In the article, “Your Lifestyle has Already been Designed,” the author, David Cain, argues that the culture of consumerism has been created specifically to entrap people in buying things they do not need for a comfortable life. The requirement to work for 8 hours a day from 9 A.M. to 5 P.M. is not by default, but by design so that people could have less time to engage in meaningful and fulfilling activities such as self-development and reconnecting with nature. Therefore, people resort to convenience gratification as a way of buying relief from their depressing lives.

The author argues that the work that people accomplish in 8 hours could be done in 3 hours. Therefore, when people remain at their workplaces until 5 P.M., they are trading their time with big corporations that make profits when the public is lost in the purchase-happy culture. Cain claims that the Western economy has been designed around addiction, insatiable gratification, and useless spending. If people stopped spending unnecessarily, the trillion-dollar economy would collapse. This economy depends on a culture of obesity, corruption, pollution, and depression among other unhealthy issues that keep the public ensnared in these unending spending habits.

Cain uses Parkinson’s law, which says that work will expand or shrink to fit into the allocated time, to explain the culture of consumerism. Given that people do not have enough time outside their workplaces, they spend exceedingly whenever they get a chance. According to the author, a cultural climate in developed countries would be defined as a socio-economic construct created by big corporations to promote consumerism among people.

The culture of consumerism helps to create humans that are dissatisfied but hopeful people, who are normally uninterested in any meaningful personal development ventures. Such individuals are habitual television watchers, they work full-time, earn good money, indulge in the evening and on weekends, and they are barely getting by (Cain). When people are engulfed by a consumer lifestyle, they become politically involved as a way of influencing market-based institutions to effect social change. For instance, the public would oppose certain politically instigated tax reforms if they affected people’s spending habits.

Consumerism is as problematic as suggested by critical theories on the subject. People buy things that add no value to their lives. According to Cain, this behavior is caused by having an unhealthy population. Healthy people do not have the urge to acquire more for their lives to become complete. They are contented and happy with life, and thus they can survive without buying junk or spending their time watching television where they are exposed to unnecessary commercial advertisements.

One indicator of the critical levels of consumerism is the number of useless things that people have bought in the past years. This problematic consumerism supports the economy, which is currently flourishing because people are spending more than ever.

This article is related to the textbook content on public opinion and political culture in America.

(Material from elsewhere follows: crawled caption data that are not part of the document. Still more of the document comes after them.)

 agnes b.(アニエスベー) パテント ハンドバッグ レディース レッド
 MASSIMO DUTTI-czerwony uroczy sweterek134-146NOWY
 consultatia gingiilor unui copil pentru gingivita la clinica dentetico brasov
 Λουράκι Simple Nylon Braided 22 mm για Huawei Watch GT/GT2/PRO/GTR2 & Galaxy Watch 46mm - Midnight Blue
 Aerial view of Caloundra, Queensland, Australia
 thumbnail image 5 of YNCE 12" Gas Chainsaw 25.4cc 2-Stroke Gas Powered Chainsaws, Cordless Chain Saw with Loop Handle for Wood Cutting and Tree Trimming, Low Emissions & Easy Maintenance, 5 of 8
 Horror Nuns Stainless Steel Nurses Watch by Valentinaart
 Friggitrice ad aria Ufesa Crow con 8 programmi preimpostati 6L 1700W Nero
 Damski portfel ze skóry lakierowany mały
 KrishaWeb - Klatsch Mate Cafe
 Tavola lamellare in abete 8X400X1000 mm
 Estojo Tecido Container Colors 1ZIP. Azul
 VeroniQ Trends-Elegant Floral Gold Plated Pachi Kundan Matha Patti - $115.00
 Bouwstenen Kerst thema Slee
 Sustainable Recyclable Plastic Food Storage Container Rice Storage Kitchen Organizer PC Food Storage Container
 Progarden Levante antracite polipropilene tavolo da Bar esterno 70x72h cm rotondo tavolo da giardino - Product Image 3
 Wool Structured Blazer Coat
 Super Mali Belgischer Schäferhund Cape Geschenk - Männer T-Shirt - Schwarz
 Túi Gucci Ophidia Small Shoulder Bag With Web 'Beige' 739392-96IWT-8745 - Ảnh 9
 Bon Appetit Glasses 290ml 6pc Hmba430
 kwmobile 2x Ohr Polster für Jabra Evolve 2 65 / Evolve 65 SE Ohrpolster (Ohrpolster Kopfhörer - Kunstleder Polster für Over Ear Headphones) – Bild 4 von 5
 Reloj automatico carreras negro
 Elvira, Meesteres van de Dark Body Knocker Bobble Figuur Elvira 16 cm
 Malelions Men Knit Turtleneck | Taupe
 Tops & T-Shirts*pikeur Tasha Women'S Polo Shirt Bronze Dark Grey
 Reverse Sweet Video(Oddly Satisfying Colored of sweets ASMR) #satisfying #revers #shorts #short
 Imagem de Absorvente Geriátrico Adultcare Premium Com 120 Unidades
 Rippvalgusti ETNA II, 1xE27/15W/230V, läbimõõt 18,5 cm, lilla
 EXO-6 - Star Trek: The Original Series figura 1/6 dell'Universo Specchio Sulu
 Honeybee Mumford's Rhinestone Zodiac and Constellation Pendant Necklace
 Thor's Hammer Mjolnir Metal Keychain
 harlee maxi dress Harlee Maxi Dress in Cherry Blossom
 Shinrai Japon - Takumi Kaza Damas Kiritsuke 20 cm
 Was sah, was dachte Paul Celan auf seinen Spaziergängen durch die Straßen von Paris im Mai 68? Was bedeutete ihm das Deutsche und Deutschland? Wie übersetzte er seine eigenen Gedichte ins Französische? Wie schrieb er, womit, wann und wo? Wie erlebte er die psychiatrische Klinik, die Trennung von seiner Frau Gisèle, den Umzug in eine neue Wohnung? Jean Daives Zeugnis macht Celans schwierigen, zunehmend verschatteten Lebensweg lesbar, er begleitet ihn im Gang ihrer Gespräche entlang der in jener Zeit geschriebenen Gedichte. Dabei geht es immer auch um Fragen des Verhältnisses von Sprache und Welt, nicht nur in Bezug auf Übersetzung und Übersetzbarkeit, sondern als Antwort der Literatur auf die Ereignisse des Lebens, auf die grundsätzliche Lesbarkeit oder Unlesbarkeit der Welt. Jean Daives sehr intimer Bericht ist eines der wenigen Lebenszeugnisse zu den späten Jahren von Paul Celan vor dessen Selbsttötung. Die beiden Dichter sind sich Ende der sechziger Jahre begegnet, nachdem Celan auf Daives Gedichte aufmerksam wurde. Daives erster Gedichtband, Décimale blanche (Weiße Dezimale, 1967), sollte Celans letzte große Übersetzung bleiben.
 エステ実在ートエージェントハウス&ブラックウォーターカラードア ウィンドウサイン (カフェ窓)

It complements what is discussed in the textbook by insisting that people are influenced to make certain decisions, whether in political or socio-economic matters. The culture that people propagate is not of their creation – it has been designed in a certain way to favor the main political parties and big corporations. In other words, people’s lifestyles have already been designed to take a certain course.

Work Cited

Cain, David. “Your Lifestyle has Already been Designed.Raptitude, 2014. Web.